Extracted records
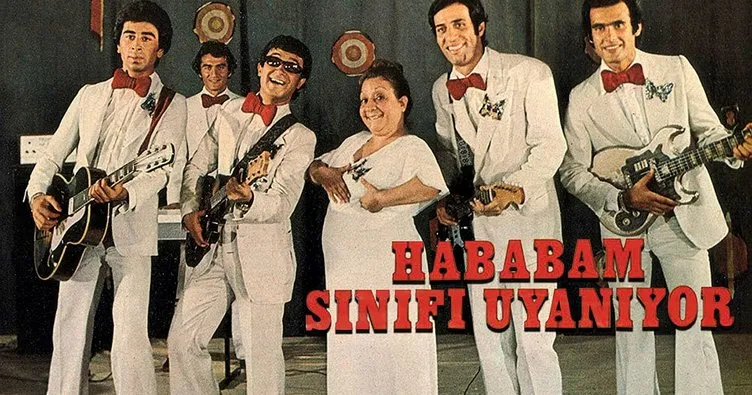 Hababam Sınıfı Uyanıyor nerede ve ne zaman çekildi? Hababam Sınıfı Uyanıyor filmi konusu ve oyuncuları!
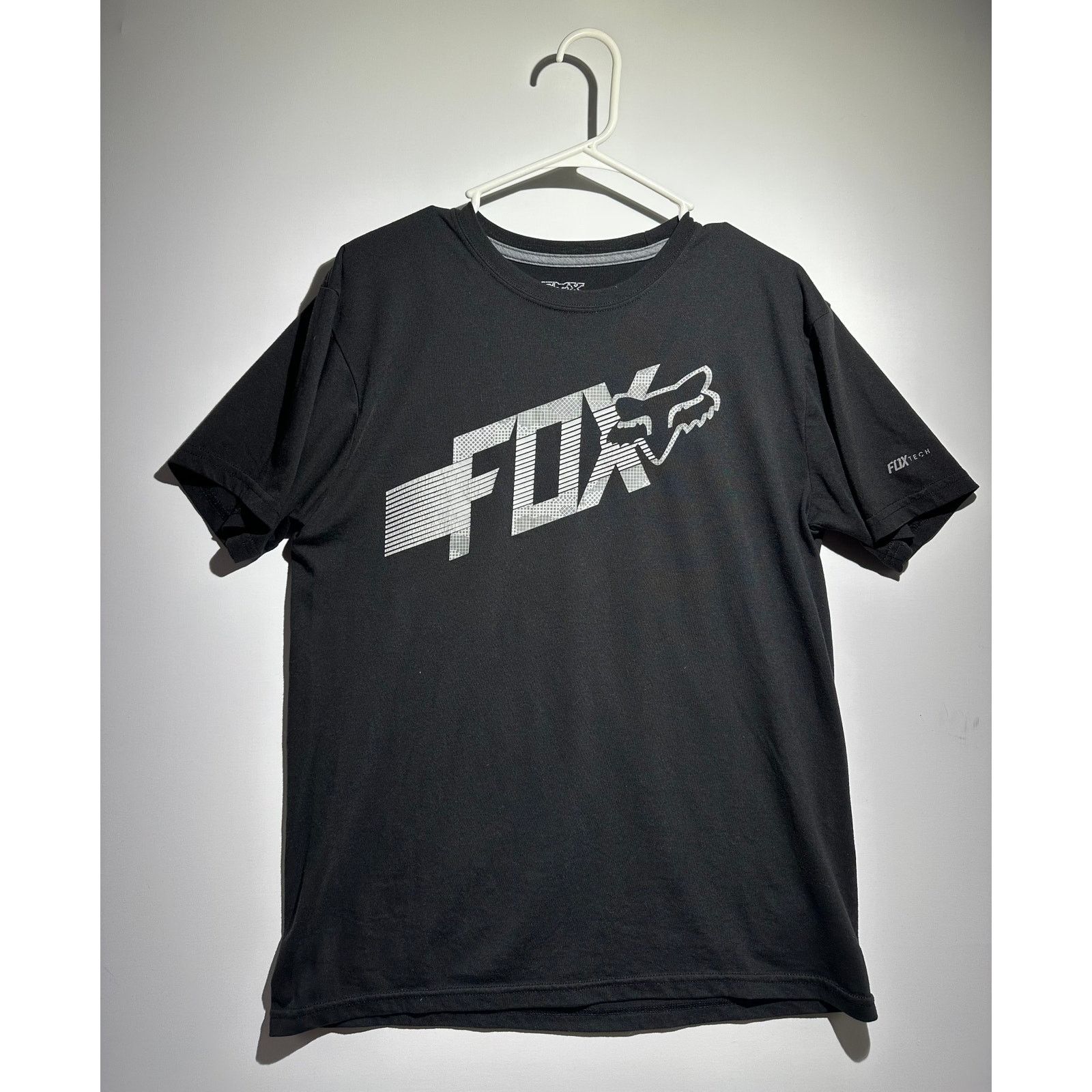 Fox Racing Fox Racing Black Tshirt Size Medium Size US M / EU 48-50 / 2 - 1 Thumbnail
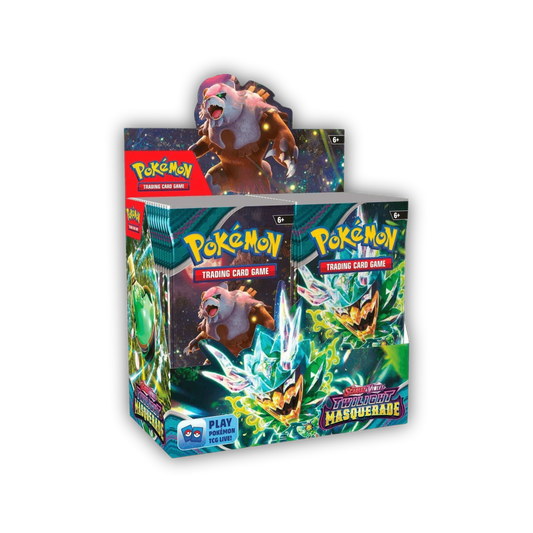 Scarlet & Violet: Twilight Masquerade - Booster Box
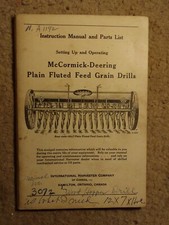 Manual parts list for sale  Annandale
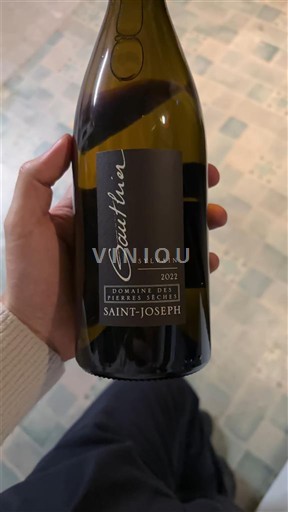 Рона долина Сент-Жозеф Domaine Des Pierres Sèches Domaine Des Pierres Sèches 2022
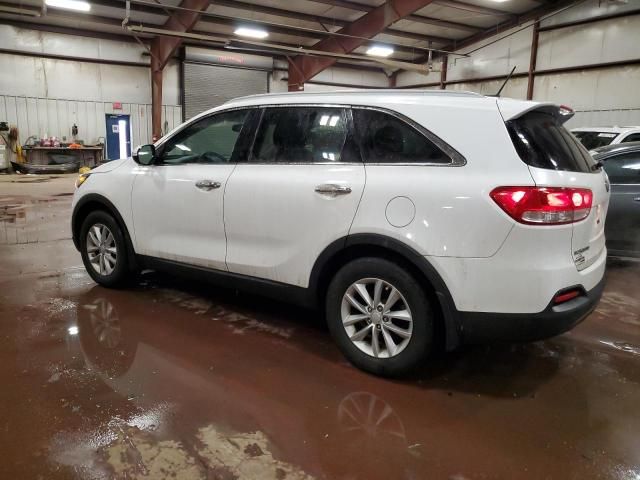 2016 KIA Sorento LX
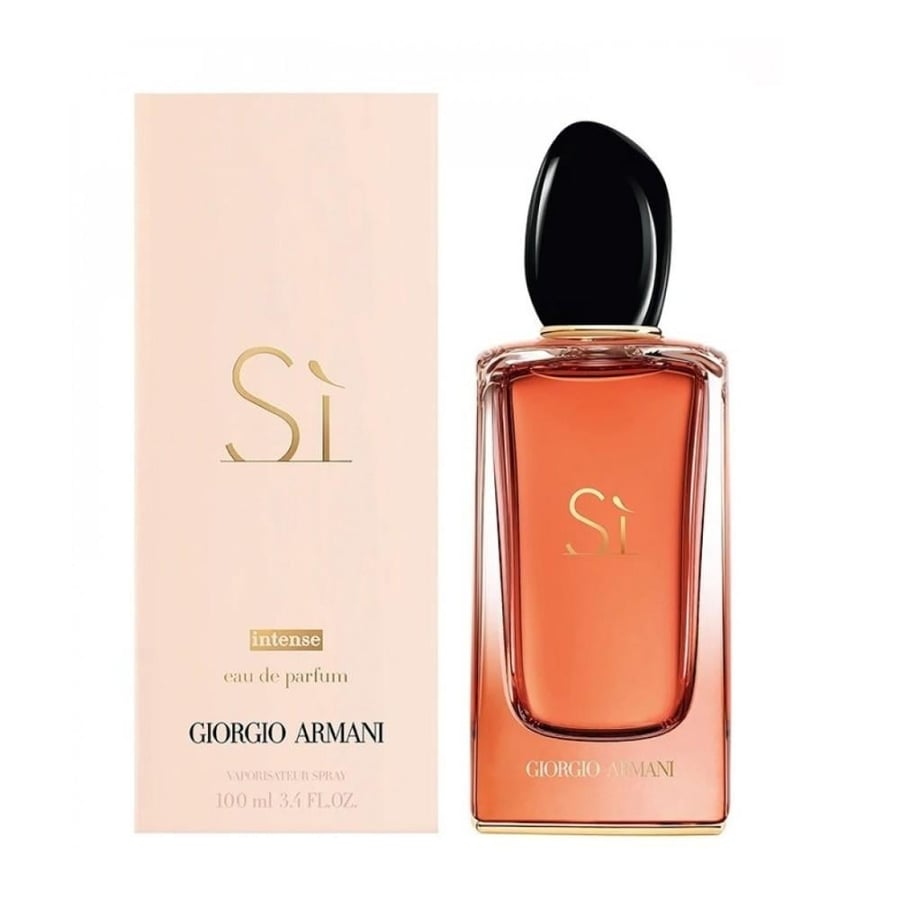عطر جورجيو ارماني SI انتنس او دو بارفيوم
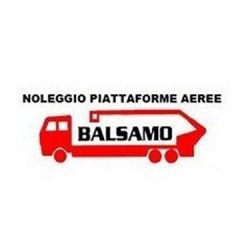 Balsamo - Piattaforme Aeree logo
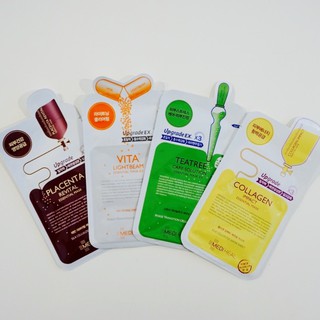 Mặt nạ Mediheal COLLAGEN impact essential mask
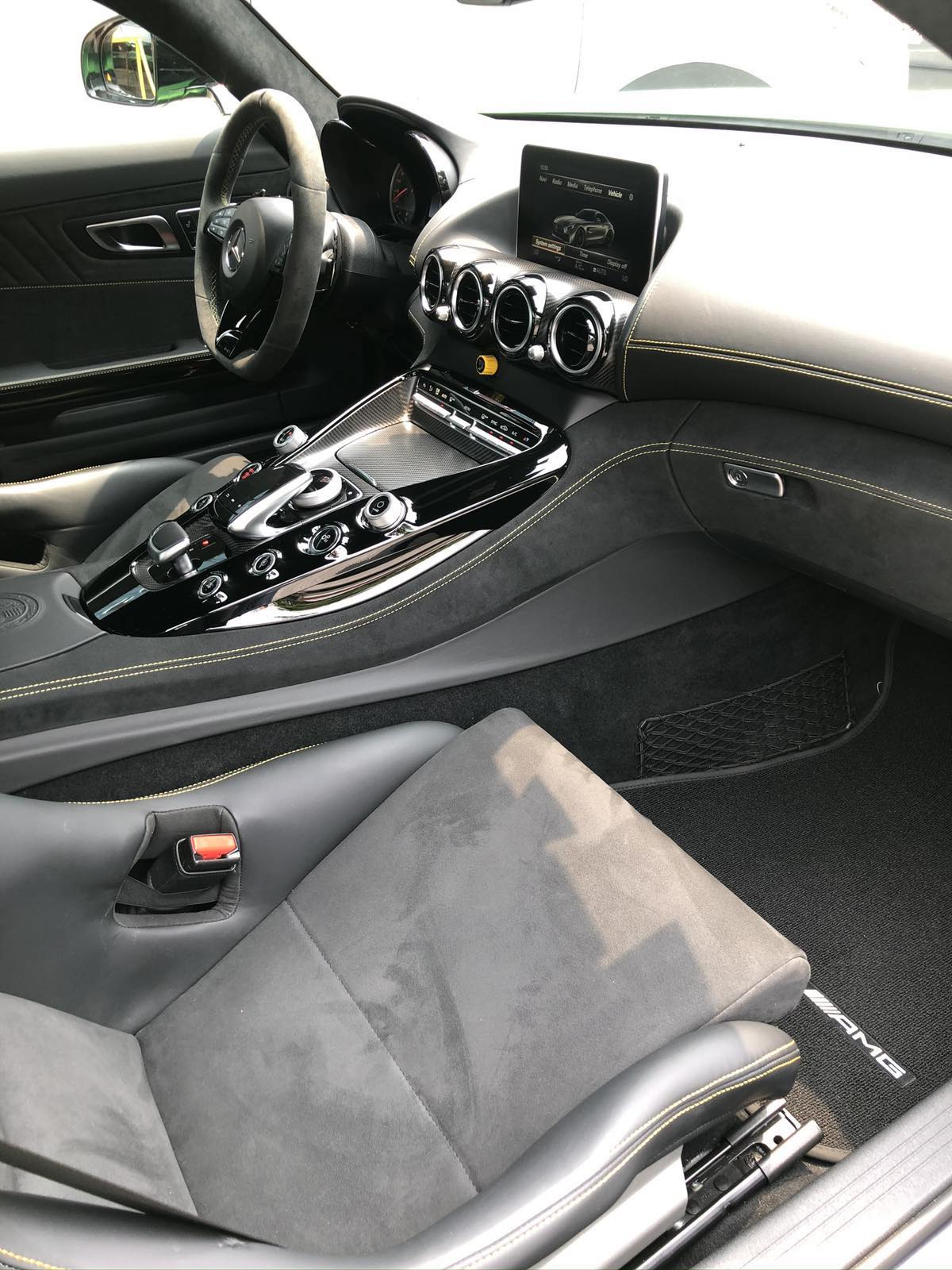 2018 Mercedes-Benz GT-R 2018 Mercedes-Benz GT-R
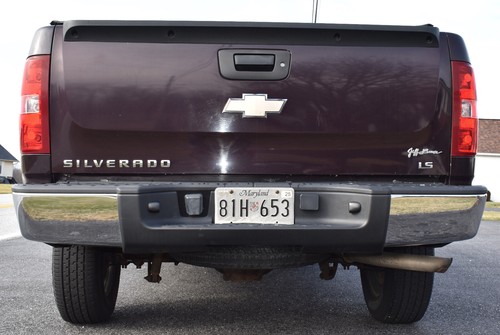 2008 Chevrolet Silverado 1500 LS 4.8 L V8 Low Miles - Picture 6 of 40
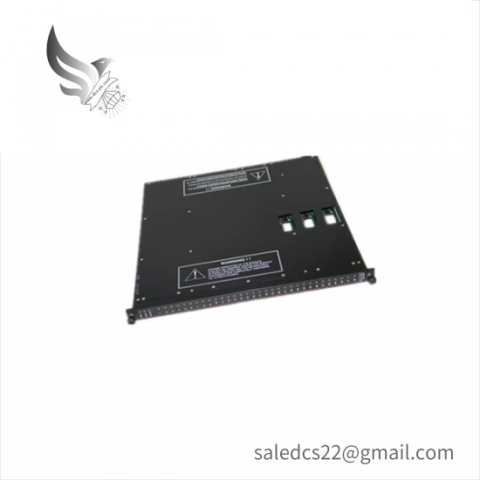 Triconex 3505E - 24VDC Digital Input Module, Industrial Automation Solutions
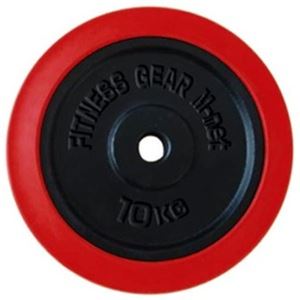 【ポイント20倍】ラバープレート 10kg【×2個セット】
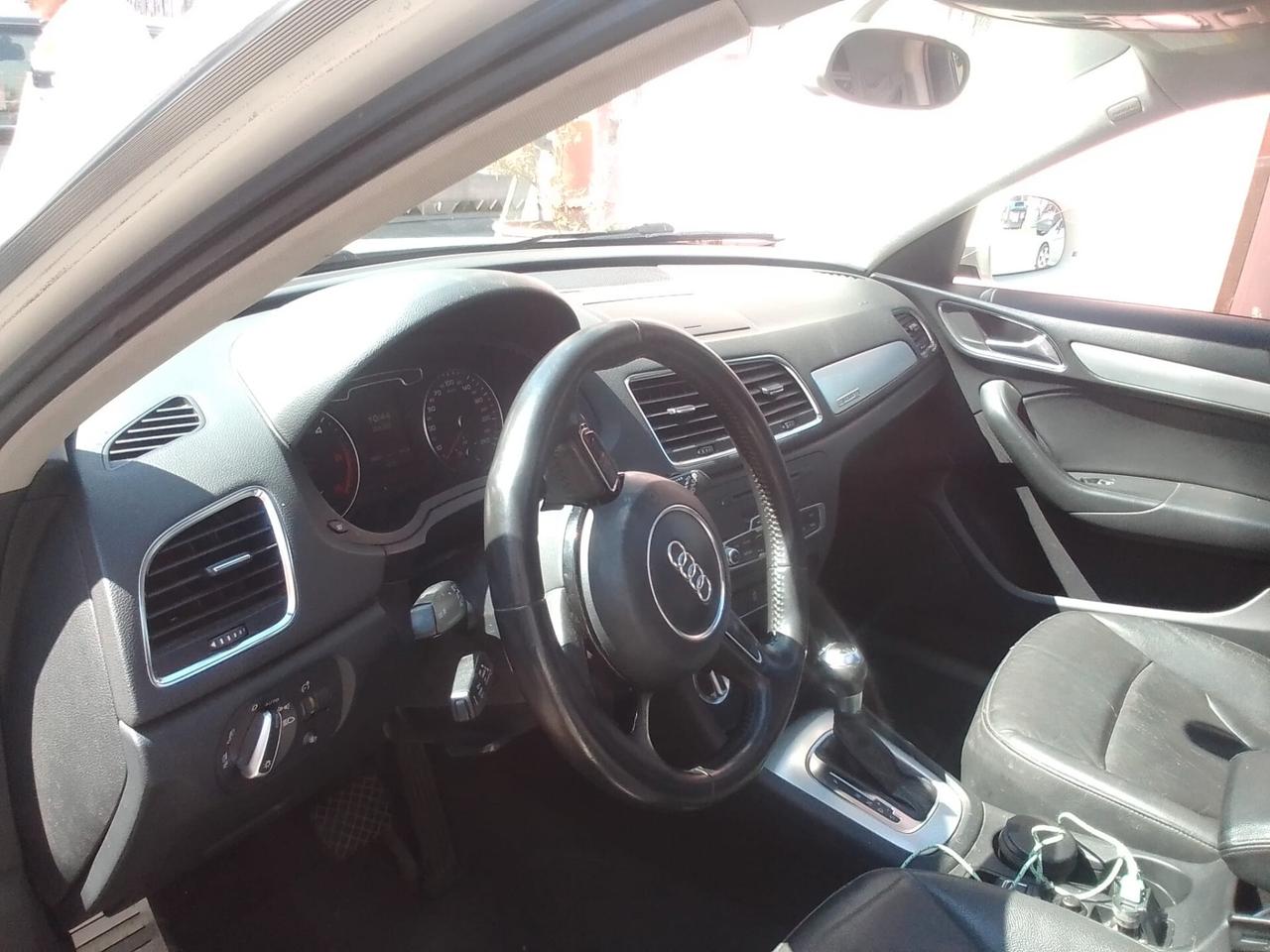 Audi Q3 2.0 TDI 177 CV quattro S tronic Advanced Plus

Problem requirements
Apart from the pictures, every line above must be printed exactly.

Task output
 Hababam Sınıfı Uyanıyor nerede ve ne zaman çekildi? Hababam Sınıfı Uyanıyor filmi konusu ve oyuncuları!
 Fox Racing Fox Racing Black Tshirt Size Medium Size US M / EU 48-50 / 2 - 1 Thumbnail
 Scarlet & Violet: Twilight Masquerade - Booster Box
 Manual parts list for sale  Annandale
 Рона долина Сент-Жозеф Domaine Des Pierres Sèches Domaine Des Pierres Sèches 2022
 2016 KIA Sorento LX
عطر جورجيو ارماني SI انتنس او دو بارفيوم
 Balsamo - Piattaforme Aeree logo
 Mặt nạ Mediheal COLLAGEN impact essential mask
 2018 Mercedes-Benz GT-R 2018 Mercedes-Benz GT-R
 2008 Chevrolet Silverado 1500 LS 4.8 L V8 Low Miles - Picture 6 of 40
 Triconex 3505E - 24VDC Digital Input Module, Industrial Automation Solutions
 【ポイント20倍】ラバープレート 10kg【×2個セット】
 Audi Q3 2.0 TDI 177 CV quattro S tronic Advanced Plus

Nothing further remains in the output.